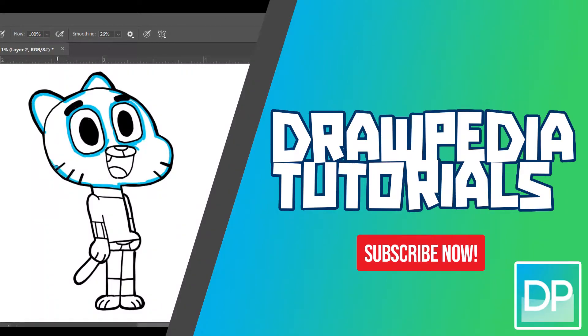What's up everyone! Today I'm gonna draw Gumball Watterson from The Amazing World of Gumball. If you are new to this channel, be sure to like, subscribe, and comment below. I'm gonna draw on my Wacom tablet, but you can follow along with my tutorial using any other media that you have.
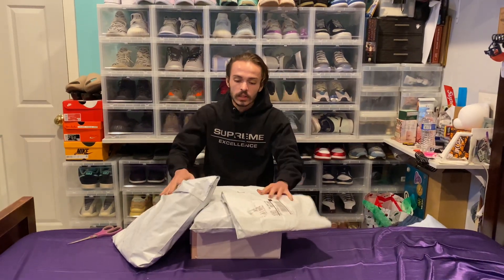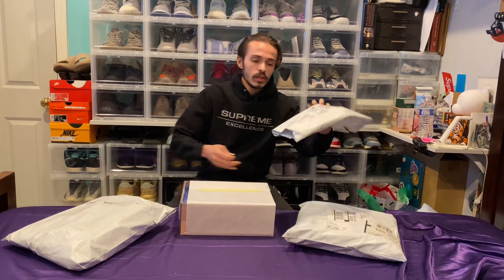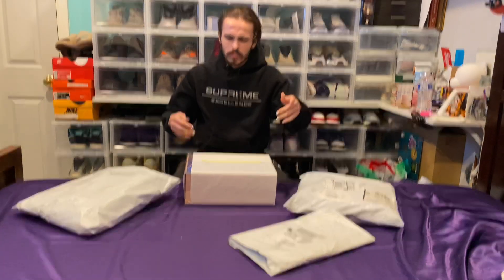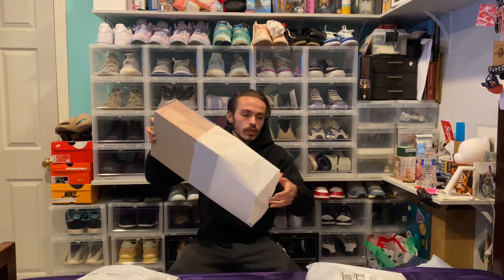Hi, I'm Joey. Today I'm back with another unboxing. We got Supreme box logos in the zebra, the cardinal, and a beanie — I don't remember exactly. And the Soulfly 13, Jordan 13.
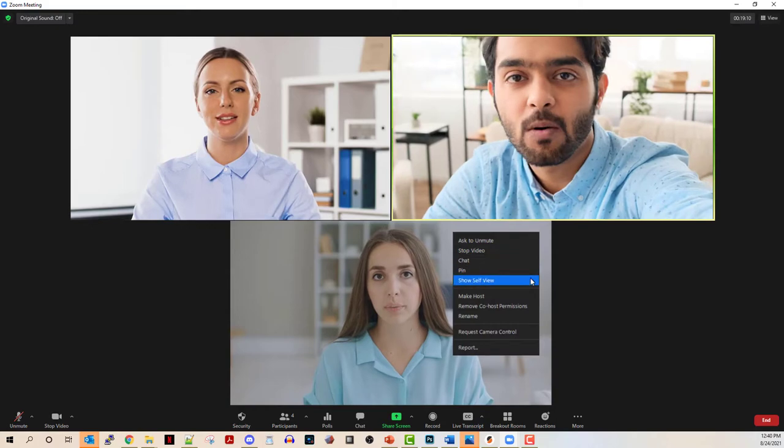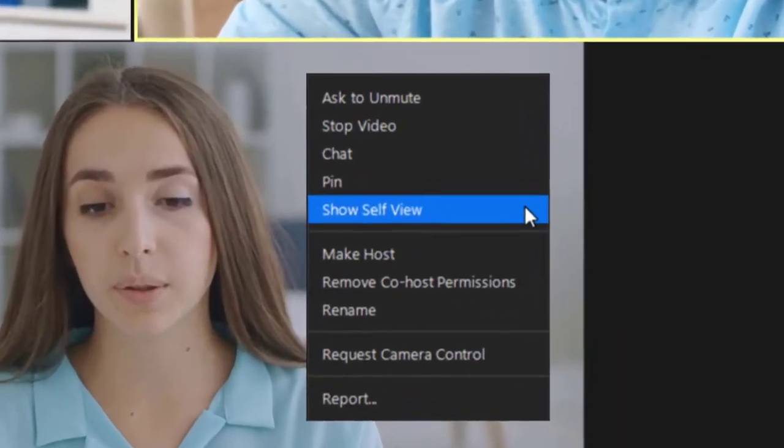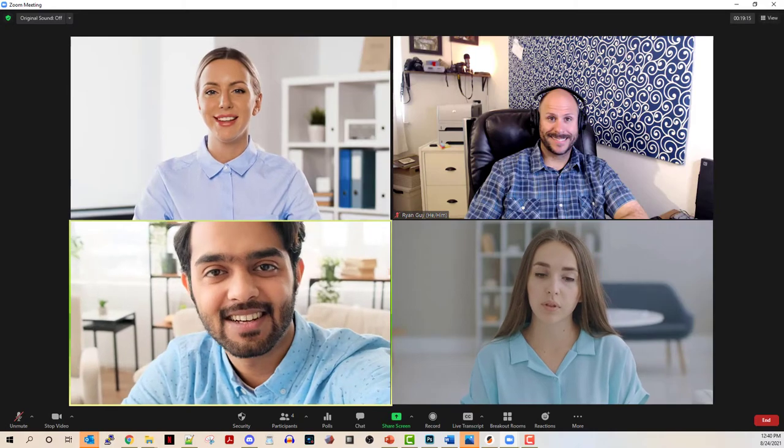If you'd like to bring your own self-view back, the process is pretty simple. Just mouse over any other participant in the meeting, and on the contextual menu, select the option Show Self View. And voila, your video is back.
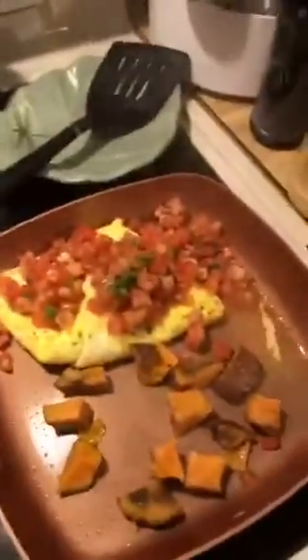Look at that — perfect omelette, nothing in the pan. I'm going to throw some salsa on it. I can warm my potatoes off, but look at that. There's nothing even stuck to it.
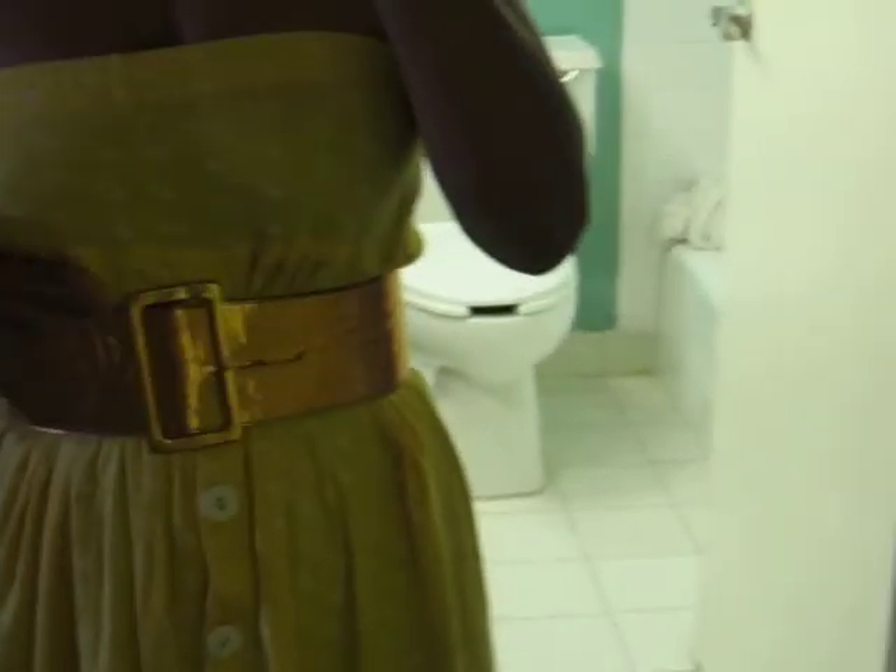This is a skirt that I turned into a dress. What you need is a belt for it. Put it against your waist or all the way up by your breasts, and it will look nice.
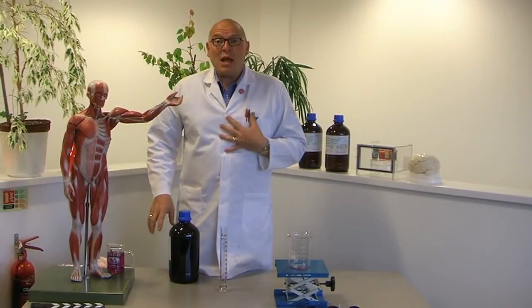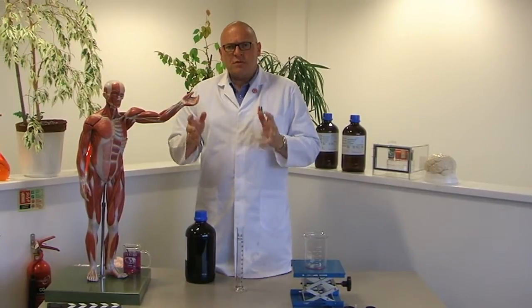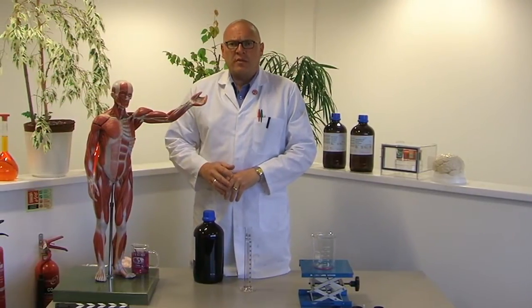Hello again. It's me, the lab warehouse man. You're just in time to see me demonstrate how to measure out a hazardous liquid in the laboratory.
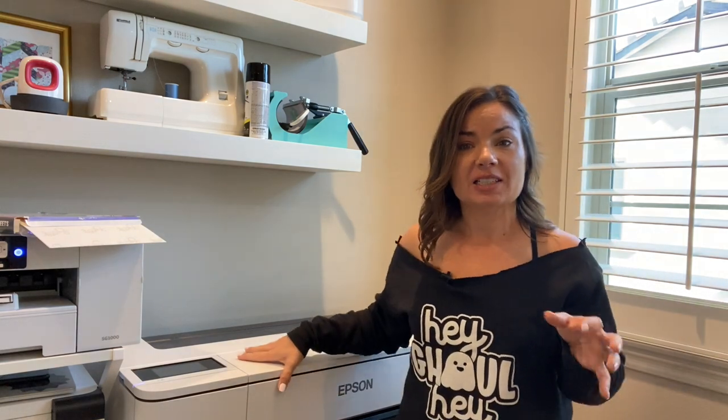Hey guys, it's Melissa. In this video, I am going to show you how to print on different size sheets on your Epson F570 sublimation printer.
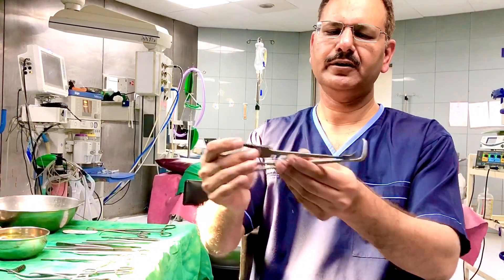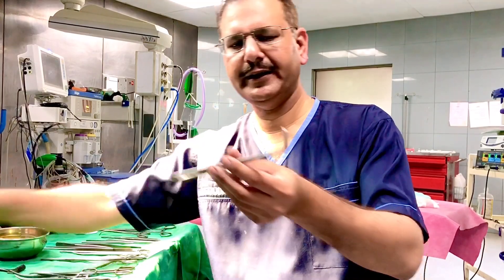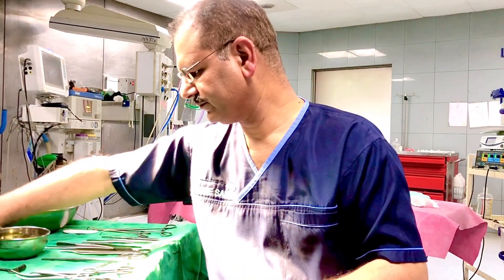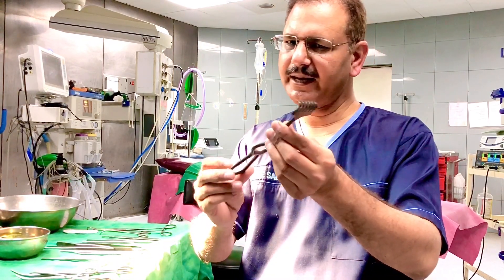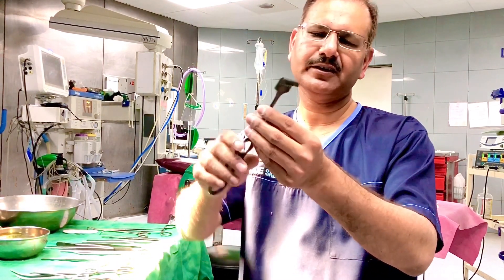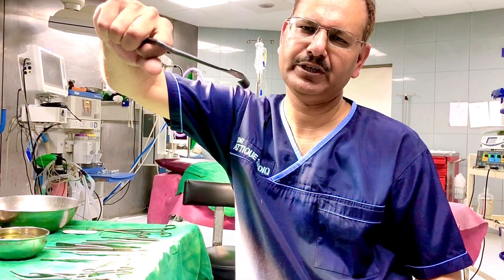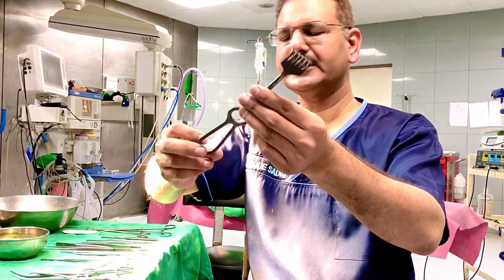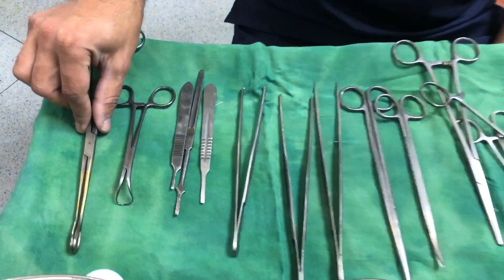These are small right angle retractors. This one looks like a cat's paw — that is why it is called a cat's paw retractor. It is used to retract skin and subcutaneous tissue and is mostly used in plastic surgery.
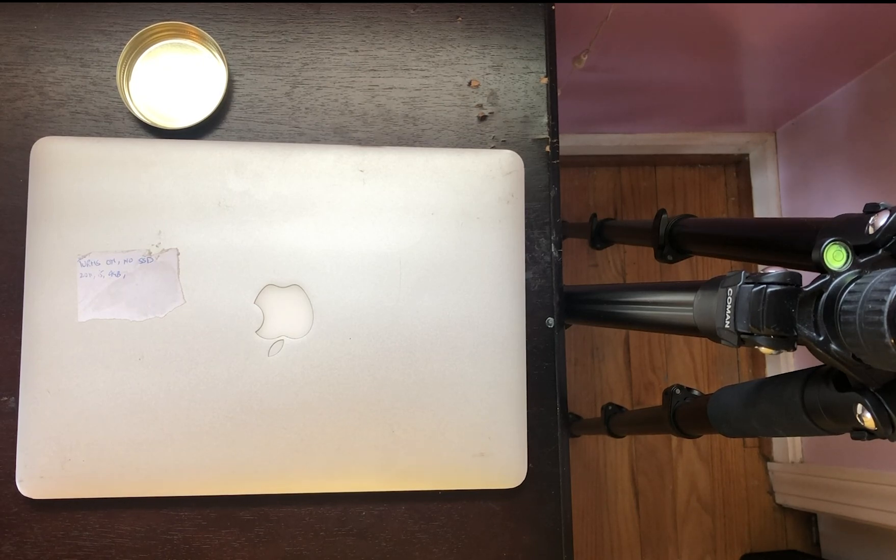Hi everyone, this is Liz from Laptop Battery Express. Today I'm going to show you how to replace the battery in a 15-inch MacBook Air from 2011. The link for this laptop's battery can be found in the video description below. Stay tuned until the end of the video for a coupon code used only at LaptopBatteryExpress.com.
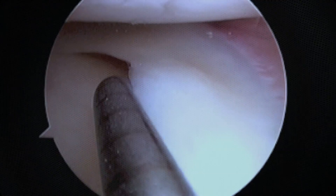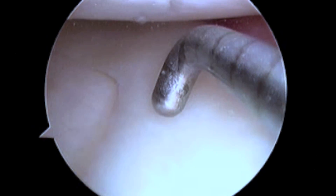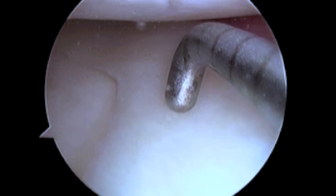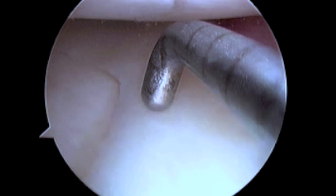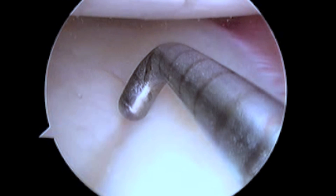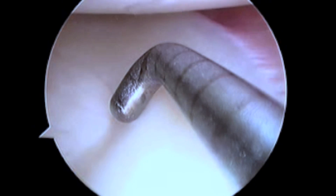The success of meniscal repair surgery is based on several factors including the location, pattern, and length of the tear as well as its chronicity. The most important prognostic criteria for successful healing after meniscal repair is the vascularity of the meniscal fragments.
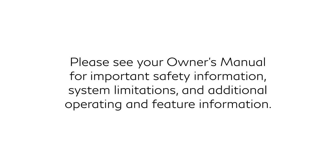Please see your owner's manual for important safety information, system limitations, and additional operating and feature information.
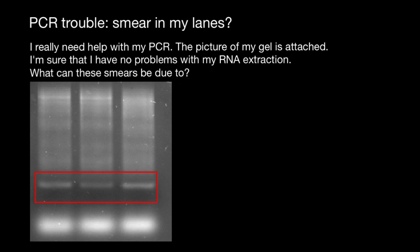First of all, for those people who sent me their gels, it would be nice if you also included your ladder, positive and negative controls — the whole picture of your gel electrophoresis and not just a part of it. It would be much easier to analyze.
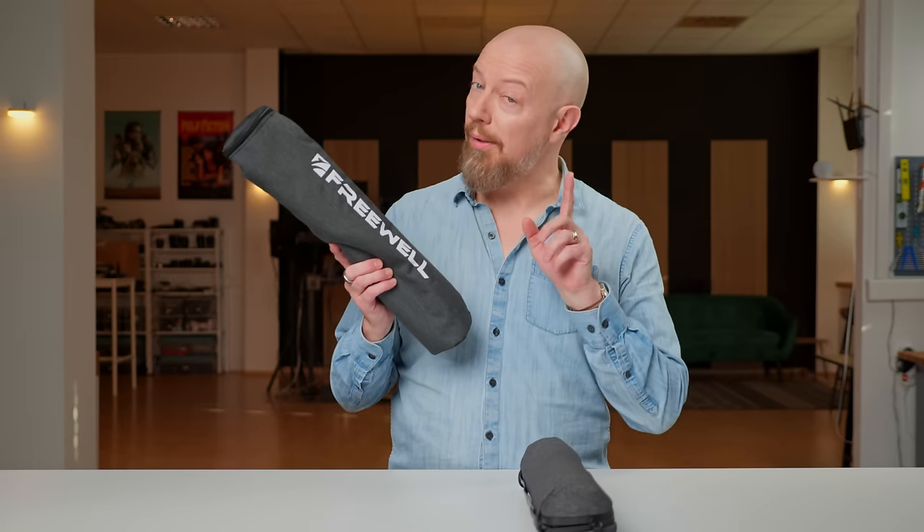I'm going to compare my all-time favorite travel tripod, the Peak Design Travel Tripod, which I purchased back when it was on Kickstarter several years ago and has been my go-to, take-everywhere tripod, to a new contender for the throne, the Freewell Reel Travel Tripod. We're going to look at every feature side-by-side, compare the size, weights, heights, and everything you care to know about between these two tripods so you can decide which one is right for you.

☆ ☆ ☆

Task brief
Every record, word for word, should be given back without its pictures.

Exercise result
What's up everyone! Today I'm gonna draw Gumball Watterson from The Amazing World of Gumball. If you are new to this channel, be sure to like, subscribe, and comment below. I'm gonna draw on my Wacom tablet, but you can follow along with my tutorial using any other media that you have.
Hi, I'm Joey. Today I'm back with another unboxing. We got Supreme box logos in the zebra, the cardinal, and a beanie — I don't remember exactly. And the Soulfly 13, Jordan 13.
If you'd like to bring your own self-view back, the process is pretty simple. Just mouse over any other participant in the meeting, and on the contextual menu, select the option Show Self View. And voila, your video is back.
Look at that — perfect omelette, nothing in the pan. I'm going to throw some salsa on it. I can warm my potatoes off, but look at that. There's nothing even stuck to it.
This is a skirt that I turned into a dress. What you need is a belt for it. Put it against your waist or all the way up by your breasts, and it will look nice.
Hello again. It's me, the lab warehouse man. You're just in time to see me demonstrate how to measure out a hazardous liquid in the laboratory.
Hey guys, it's Melissa. In this video, I am going to show you how to print on different size sheets on your Epson F570 sublimation printer.
These are small right angle retractors. This one looks like a cat's paw — that is why it is called a cat's paw retractor. It is used to retract skin and subcutaneous tissue and is mostly used in plastic surgery.
Hi everyone, this is Liz from Laptop Battery Express. Today I'm going to show you how to replace the battery in a 15-inch MacBook Air from 2011. The link for this laptop's battery can be found in the video description below. Stay tuned until the end of the video for a coupon code used only at LaptopBatteryExpress.com.
The success of meniscal repair surgery is based on several factors including the location, pattern, and length of the tear as well as its chronicity. The most important prognostic criteria for successful healing after meniscal repair is the vascularity of the meniscal fragments.
Please see your owner's manual for important safety information, system limitations, and additional operating and feature information.
First of all, for those people who sent me their gels, it would be nice if you also included your ladder, positive and negative controls — the whole picture of your gel electrophoresis and not just a part of it. It would be much easier to analyze.
I'm going to compare my all-time favorite travel tripod, the Peak Design Travel Tripod, which I purchased back when it was on Kickstarter several years ago and has been my go-to, take-everywhere tripod, to a new contender for the throne, the Freewell Reel Travel Tripod. We're going to look at every feature side-by-side, compare the size, weights, heights, and everything you care to know about between these two tripods so you can decide which one is right for you.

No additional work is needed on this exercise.